Cooking demo: Stuffed veal ... on a hotplate

As a master chef of France, Olivier Desaintmartin does nothing simply.
Asked to host a cooking demo, he didn't go the easy route with gazpacho or guacamole.
Dude whipped up Veal Breast Roast Lyonnaise on a pair of hotplates and in a portable convection oven at the Comcast Center, and served portions to the crowd.
Desaintmartin was the first of four chefs enlisted for the Center City District's series of lunchtime cooking demos to plug Center City District Restaurant Week, which will run Jan. 22-27 and Jan. 29-Feb. 3. Info on Restaurant Week is here.
The series continues Thursday, Jan. 12 with Nick Cassidy of El Vez (yes, guacamole).
Next week's chefs will be Robert Tyndall of the Farmers' Cabinet (Jan. 17) and Erin O'Shea of Percy Street Barbecue (Jan. 19)
Here's Desaintmartin's recipe for eight portions:
Veal Breast Roast Lyonnaise
3 pounds veal breast, boneless
1 pound sausage meat (veal, pork and beef)
2 eggs
½ pound shiitake mushrooms, quartered (stems off)
2 cloves garlic, chopped finely
3 shallots, chopped finely
2 sprig thyme (use only the leaves)
1 cup dry red wine
2 pounds Swiss chard, cleaned and shredded
¼ cup cream
1 small onion, chopped finely
¼ pound butter
2 tomatoes, diced finely
1½ cups white wine
salt, pepper, oil, all spices
Directions:
• Butterfly-open the veal breast and remove (if there are) large amounts of fat. Season with salt and pepper
• Prepare the stuffing. Sauté in a little bit of oil the mushrooms, shallots and garlic until soft, season with salt and pepper; in another pan, cook chards in a bit of butter and with the onions. When cooked, add the cream, salt and pepper and let reduce until the cream mixes with the greens.

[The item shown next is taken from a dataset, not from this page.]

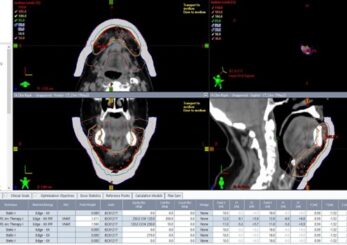 Figure 9. Daily CBCT review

• When all ingredients are ready, in a mixing bowl, add the sausage meat, Swiss chard, and mushrooms. Season with all spices, salt and pepper; add thyme, red wine and eggs; Mix until the mixture is perfectly homogenized.
• Spread this stuffing onto the breast of veal and roll it, tie it firmly like a roast.
• In a large pan, heat some oil and butter, season and then sear the roast on all sides, add the tomatoes and the white wine. Cover and cook at 350 degrees for 1½ hours.
• Remove the roast, slice it and whisk all the trimmings in the bottom of the pan (with the help of water if needed) and pour around the roast before serving.